Since SOAP is just a simple HTTP POST request with an XML body, you could set up your website or HTTP API in front of the SOAP endpoint to act like a translator to regular HTTP, attaching the appropriate HTTP caching headers on the transformed response body and then configure an NGinx reverse proxy in front of it.
Notably: if the transformation is simple you could just use XSLT to transform the response body from the SOAP API and remove the web service layer entirely.

Your problem is a very small one, which does not require a complicated solution.
You could write a small cron job that is executed every five minutes, sends the request to the SOAP server, and stores the result in a local file. If any script needs the data, it reads the local file. This will result in 288 requests to the SOAP server per day, and have excellent performance for any script call that needs the results because they are already on your server.
If you do not have cron jobs available and cannot fake them, any other cache will do. You really don't need fancy stuff like Memcached, unless it already is available. Storing the result to a cache file will work as well. Note that if you have to really fetch the SOAP result from the origin, this will take some more time and might affect the perceived performance of your site.
There are plenty of frameworks which also offer cache support, and if you use one you should investigate if there is support included. I'm not sure if Joomla has something appropriate for you. Otherwise, you can implement something yourself. It isn't that hard.

Cache functionality comes in various flavours:
memory-based, where a separate process on the server holds data in RAM (or overflows to disk) and you query it like you would a database; very efficient and powerful, and will have options to manage storage use and clear up after themselves, but requires setting up additional software on the server; e.g. memcached, redis
file-based, where you just write the data to disk; less efficient, but can be implemented in "user-land" code, i.e. pure PHP; beware of filling up your disk with variant caches that have expired but not been cleaned up; many frameworks have an implementation of this built in
database-backed, where you push data into an RDBMS (e.g. MySQL, PostgreSQL) or fully-featured NoSQL store (e.g. MongoDB); might make sense if you have a large amount of data, and can trade a bit of performance; as with files, you need to make sure that stale data is cleaned up
In each case, the basic idea is that you create a "key" that can tell one request from another (e.g. the name of the SOAP call and its input parameters, serialized), and pick a "lifetime" (how long you want to carry on using the same copy of the data). The caching engine or library then checks for a cache with that key, and if it is still within its "lifetime" returns the previously cached data. If there is a "cache miss" (there is no cache for that key, or it has expired), you perform the costly operation (in your case, the SOAP call) and save to the cache, using the same key.
You can do more complex things, like pre-caching things in the background so that there is never a cache miss, or having some code paths which accept stale data in order to return quickly, but these can generally be implemented on top of whatever you're using as the main caching solution.
Edit Another important decision is at what level of granularity to cache the data, in relation to processing it. At one extreme, you could cache each individual SOAP call: simple to set up, but means re-processing the same data repeatedly, and can cause problems if two responses are related, but cached independently and may get out of sync. At the other extreme, you can cache whole rendered pages: pages load very fast once cached, but creating variations based on the same data without repeating work becomes tricky. In between are various points in your code where you have processed and combined data into meaningful chunks: if your application is well-written, these are the input and output of major functions, or possibly even complete model objects; this is more work to implement, as you have to choose the right keys (avoiding two contexts overwriting each other's caches while ignoring variables that have no impact on the data in question) and values (avoiding repeats of costly work without having to store huge blobs of data which will be slow to unserialize and use up the capacity of your cache store). As with anything else, no approach suits all needs, and a complex application will probably involve caching at multiple levels for different purposes.

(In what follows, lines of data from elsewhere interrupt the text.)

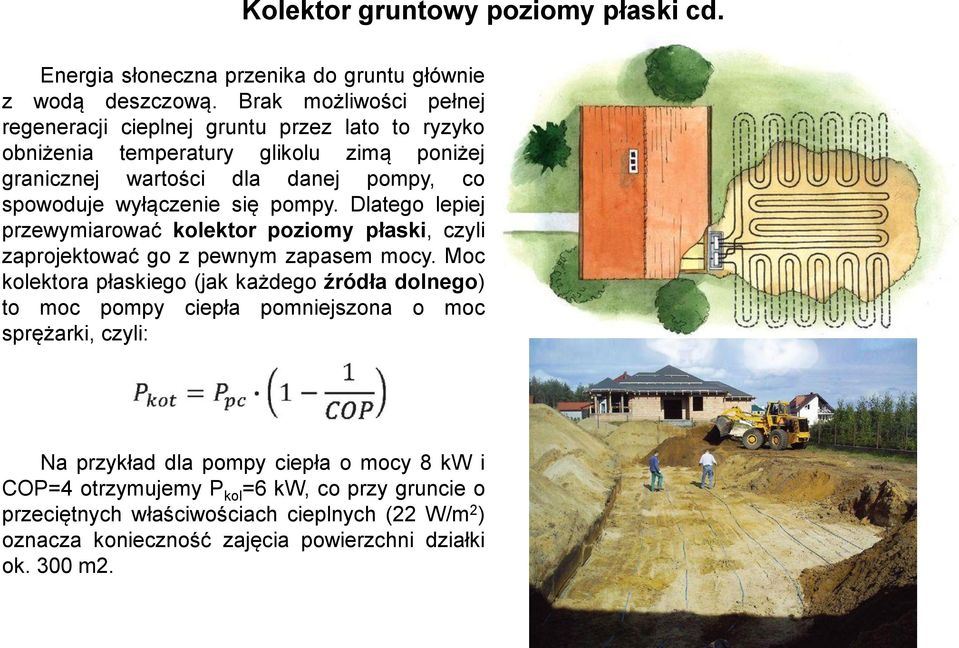 wyłączenie się pompy. Dlatego lepiej przewymiarować kolektor poziomy płaski, czyli zaprojektować go z pewnym zapasem mocy.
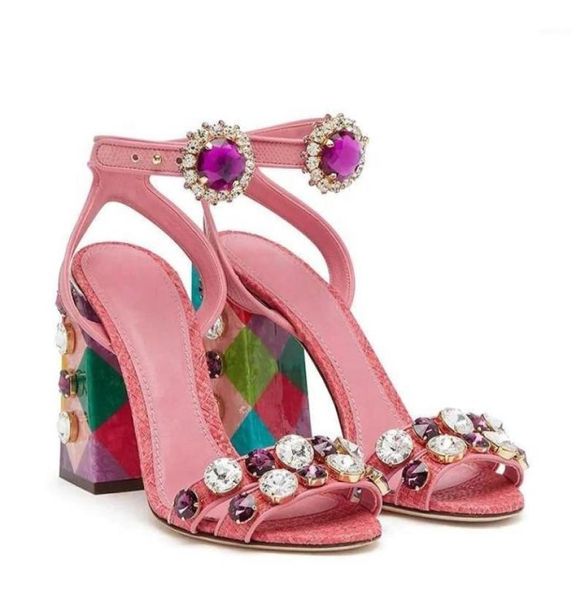 

sandals high end luxury design brand diamond women heels 2021 pink genuine leather block heel shoes12921389, Black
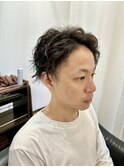 マッシュパーマ/ウルフ/アッシュブラック/カルマパーマ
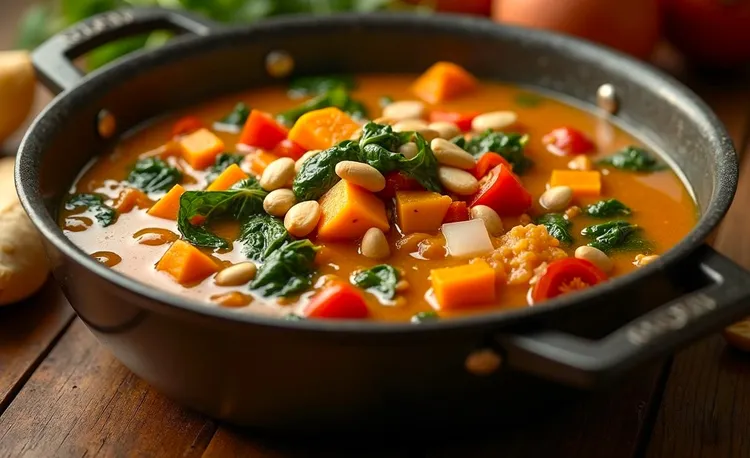 African vegetable stew with sweet potato and peanuts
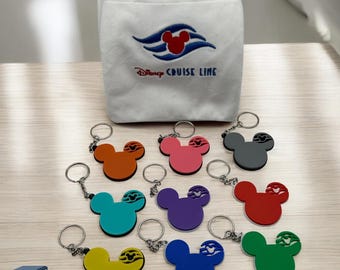 Cruise Line Mouse Inspired Keychain | Pixie Dust, Cast Member Thank You, Fish Extender, Cruise Reveal | 3D Printed | DCL Gift | 9 Colors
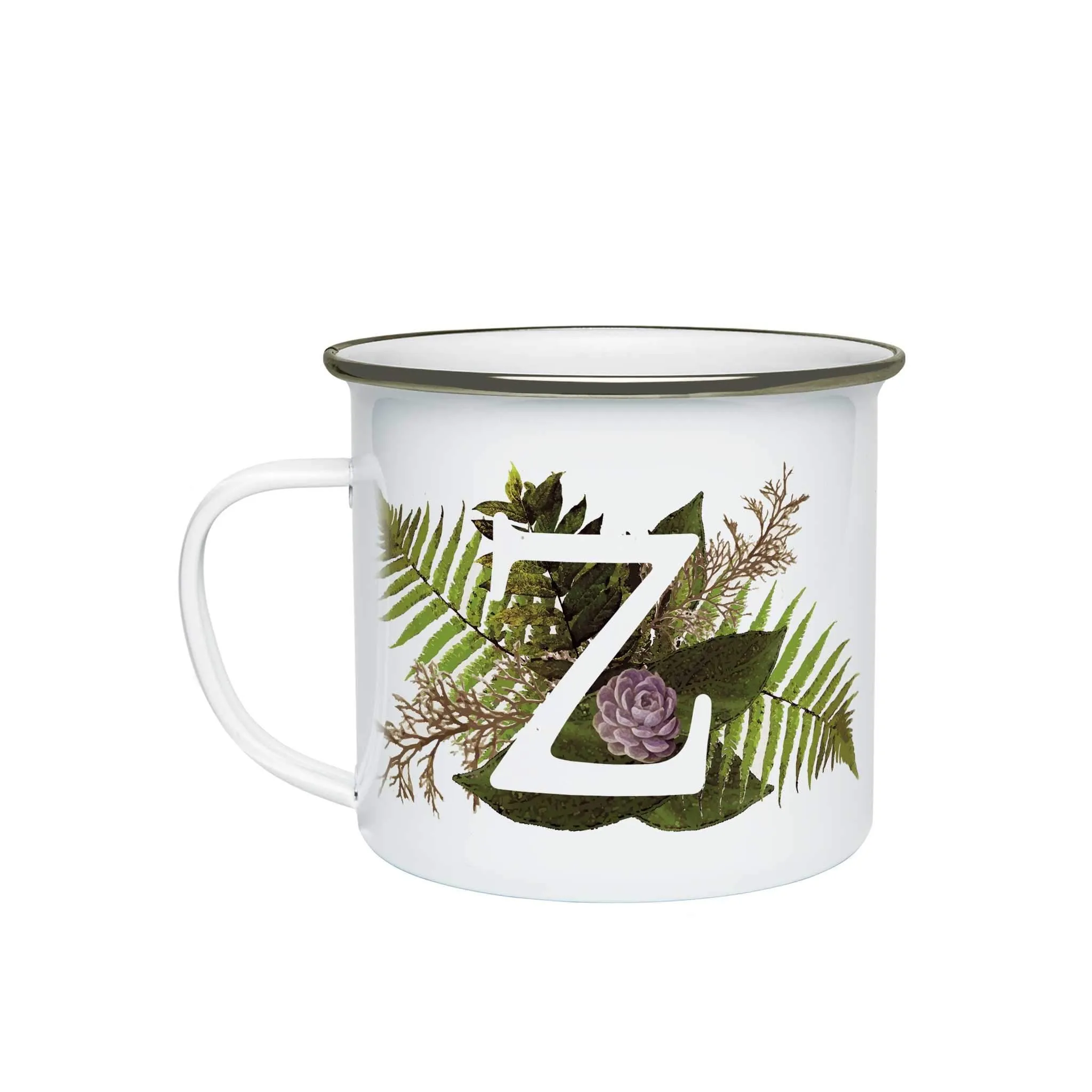 Botanical Monogram Enamel Mug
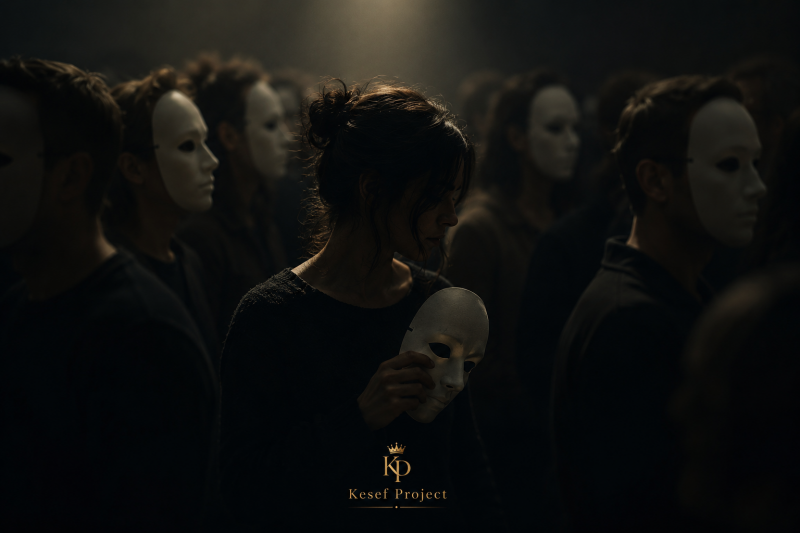 A cinematic editorial image showing a woman holding a mask while surrounded by masked people, symbolizing the pressure of human approval and loss of identity.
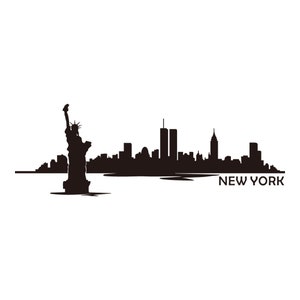 Wall Decal Wall art Sticker - Black outline shown New York City Skyline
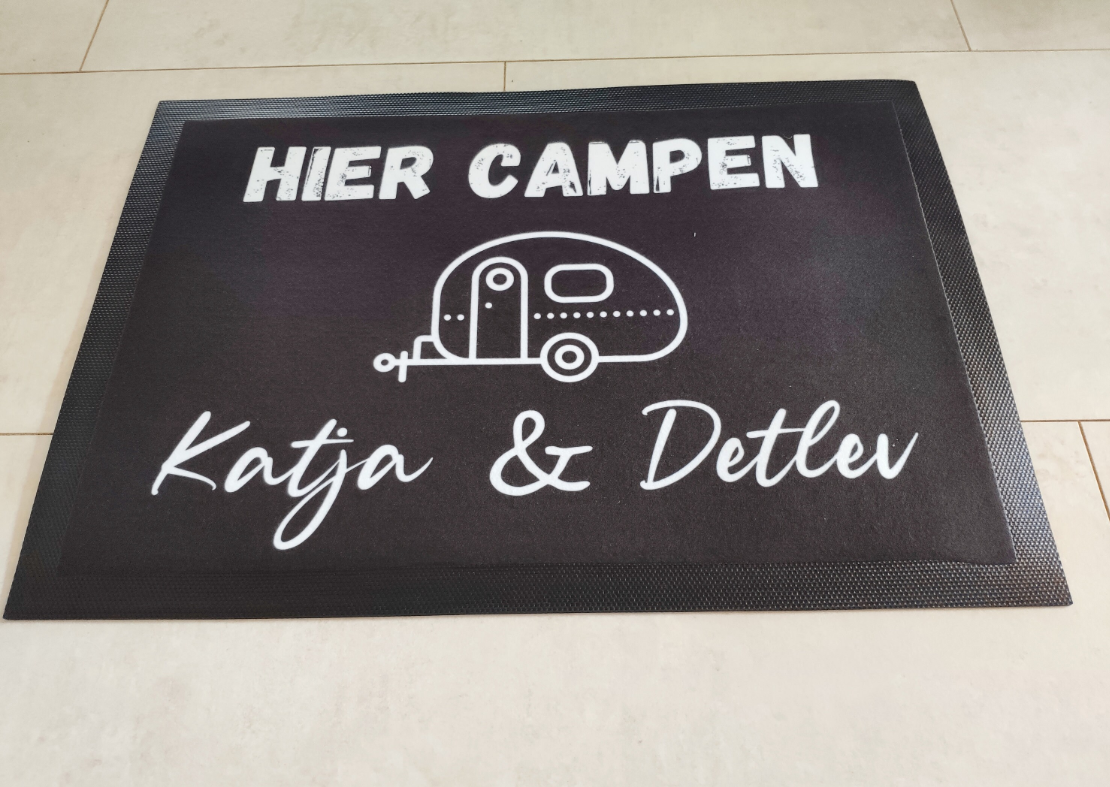 Camping Zubehör Fußmatte Personalisiert Wohnwagen hier campen Camper 50 X 40 Cm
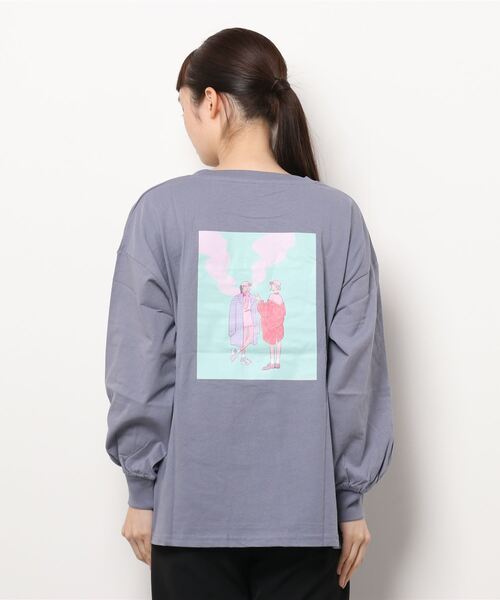 VIBGYOR（ヴィブジョー）の「201839　スモーキングロングTシャツ(YA)（Tシャツ/カットソー・レディース・ホワイト/チャコールグレー/ブルーグレー/グレイッシュベージュ・FREE）」の7枚目の写真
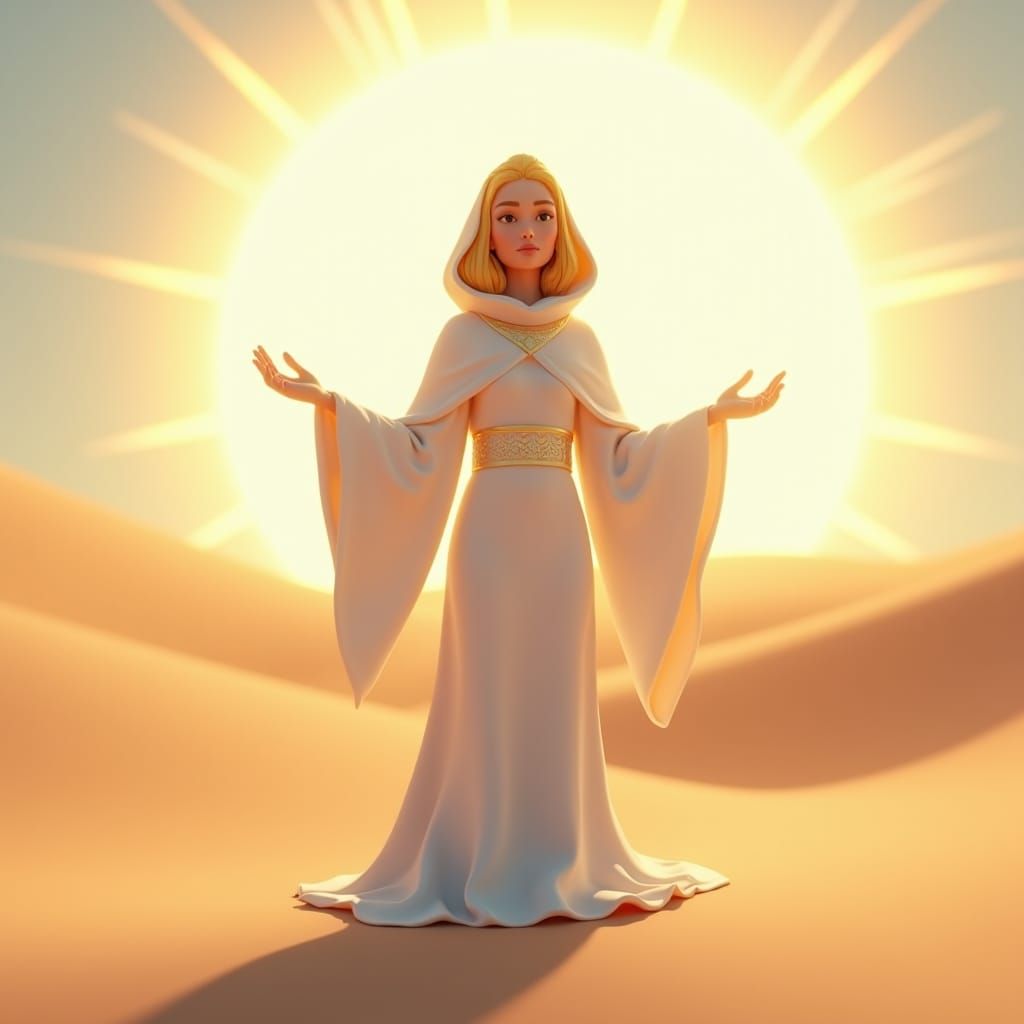 Desert Priestess in Radiant 3D Rendered Style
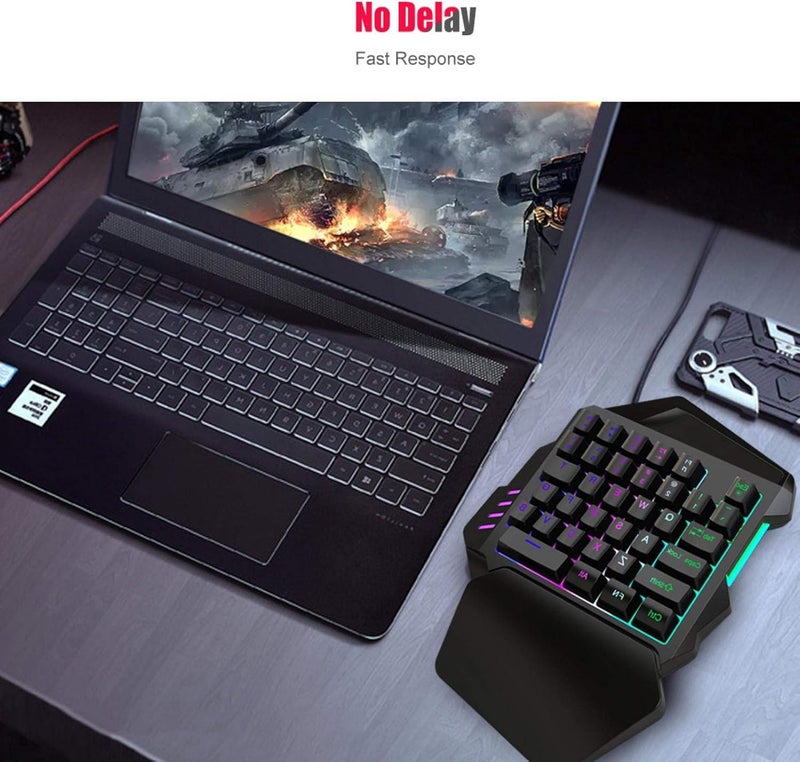 Single Hand Gaming Keyboard, Wrist Rest Multi Functional Membrane Keycap Keypad with Breathing Lights, for for Android, for Linux, for - Image 2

Redis with PHP - implementing data caching

I have installed redis on my server and implemented object caching for data returned within a PHP based web application. The php model essentially executes a reasonably complex query and returns a detailed array of data. I have tested the caching and found everything to be working as expected. I first check to see if the key exists in redis. If it does, redis returns the data, the model unserializes and returns the previously cached data. If the cache has expired, the model executes the sql query, returns the data and sets the key and serialized value in redis.
So here are my questions.
I'm not sure how to really benchmark this as it is all browser based. What tools are there out there that would allow me to get a reasonable benchmark to compare caching and not caching. I'm thinking of perhaps a php script that calls the api 1000 times via curl.
I implemented this in redis because I once read that caching with redis will work across multiple sessions or ip addresses accessing the site. For example, if the api is accessed 1000 time an hour by multiple ip addresses/users, I am assuming this approach will reduce the load on the mysql server and let redis do the work of returning the cached data instead. Can anyone shed some light on this? Are my assumptions valid?
All comments are welcome!
Thanks!
Dave

To benchmark the web site, I would use something like Siege rather than writing a specific PHP script.
Regarding Redis usage, caching things in in-memory stores like memcached or Redis is now very common. Both memcached and Redis are suitable for this purpose, although for pure caching, memcached is arguably easier to setup. 1000 times an hour represents only 3.6 TPS - any data store (including MySQL) will support such traffic without any issue. Now, multiply this traffic by 100 or 1000, and the caching layer (memcached or Redis) will become mandatory to protect your database.
To use Redis for caching, you may want to check the EXPIRE command and have a look at the maxmemory-policy parameter in the configuration file.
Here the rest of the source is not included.